I think it's too early to tell. What I know is that it has affected my attitude, and people I know. I got a call from a friend in the industry that I haven't spoken to in over 10 years about this and he's worried, as are the people he knows. To me, that says something. My online gaming group uses third party stuff, so they are looking into other games at the moment because they don't think they'll be able to play them.

Both of us have been talking about what made D&D so popular again, and have come to the opinion that it was all of the people who've been evangelizing it, and none of those people work for WotC.

The cynic in me agrees with you, but I don't like that guy, so I'm hoping for a change or better things to come through.


----------



## overgeeked

Zardnaar said:


> However the expression of them I'm a lot less sure on that. Eg 12-13 is +1 bonus, 14-15 +2 etc.

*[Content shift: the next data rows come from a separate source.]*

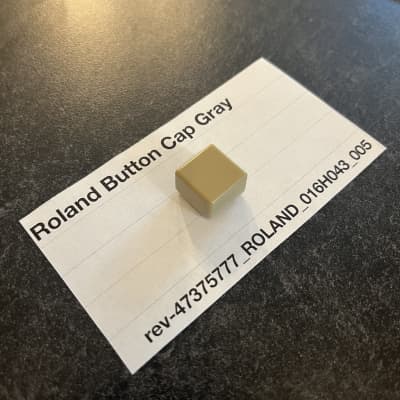 ORIGINAL Roland Gray Button Cap (016H043) for Juno-60, JSQ-60, MSQ-100, EP-6060, EP-11, etc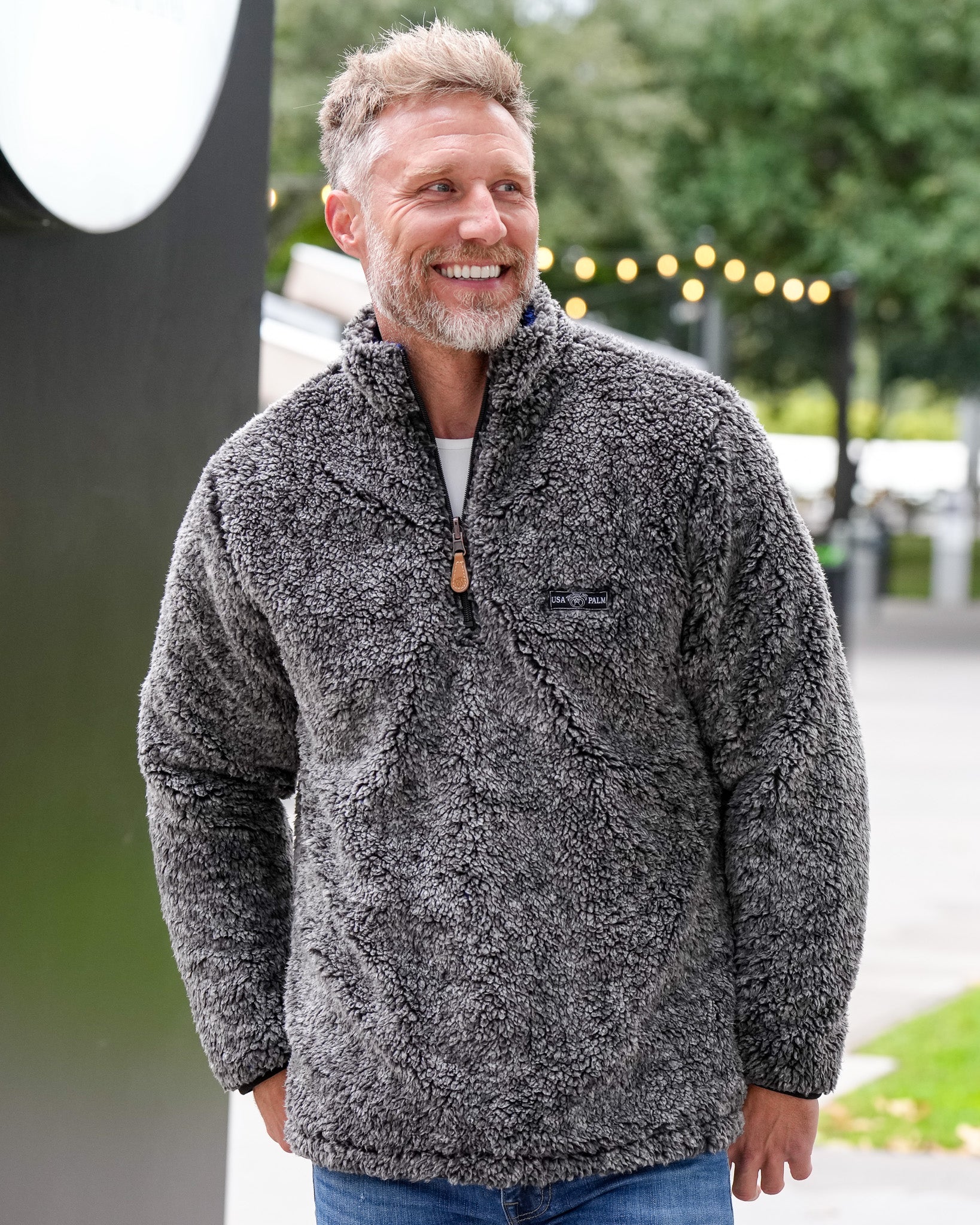 Reversible Double Sherpa 1/4 Zip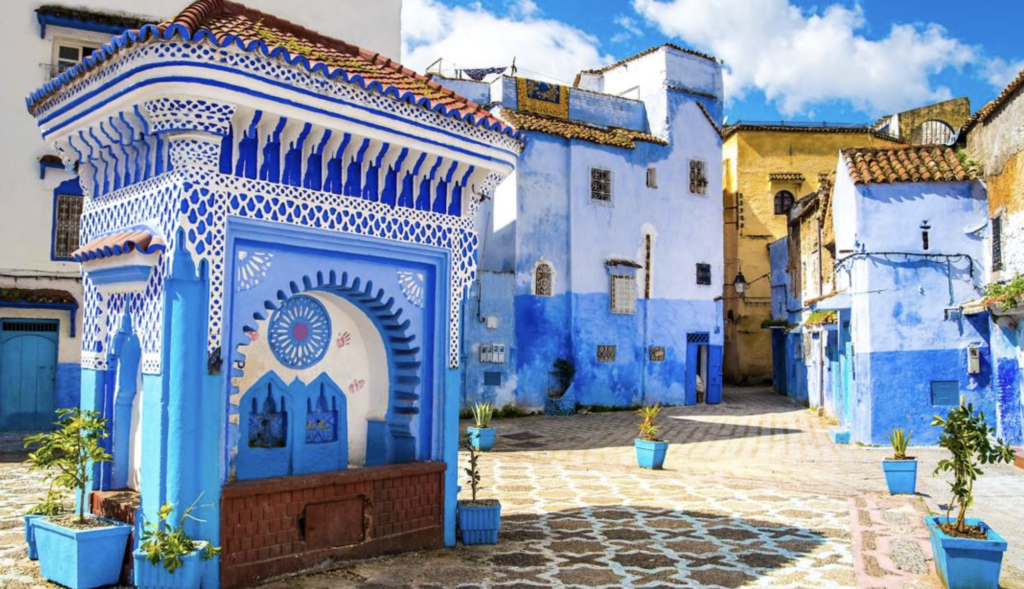 Chefchaouen blue city Morocco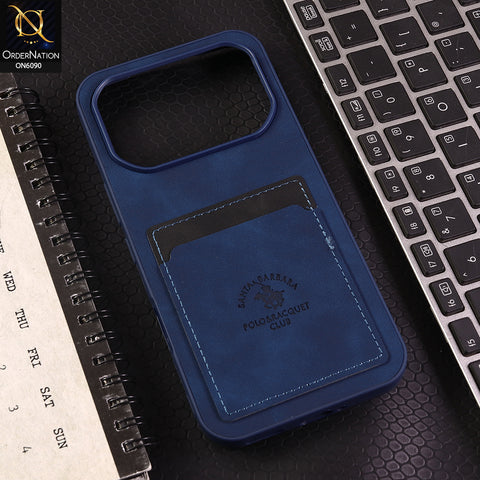 Infinix Note 60 Cover - Blue - Premium Leather Card Pocket Protective Case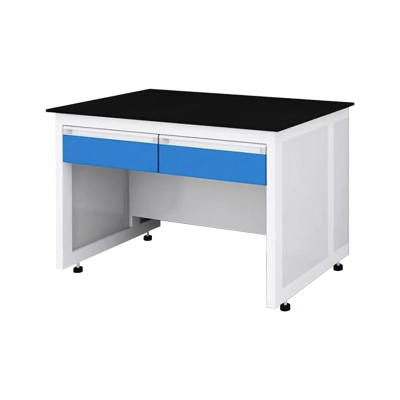 臻远 ZY-SYT-23 实验室 工作台化验室操作台化验桌 1米钢木二抽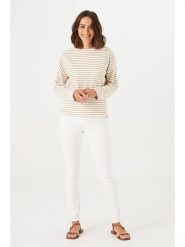 Garcia Dżinsy - Skinny fit - w kolorze białym rozmiar: W27. Białe jeansy Garcia, z aplikacjami, z podwyższonym stanem. Za 114.98 zł.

One thing to note is that expression and process are separate things. A chart of numbers is expression but the formula used to create that chart is not expression. So you can use the math, just not the chart. All WotC modifiers are: stat - 10, divide by 2, round down.


----------



## SteveC

I just want to point out that Lorraine Williams dislike comes from what she did to the company, which all but ruined it. Again, as someone who was there, she spent huge money on the Buck Rodgers game/novels and created a huge backlog of D&D books that could be returned by bookstores and were, for a huge loss.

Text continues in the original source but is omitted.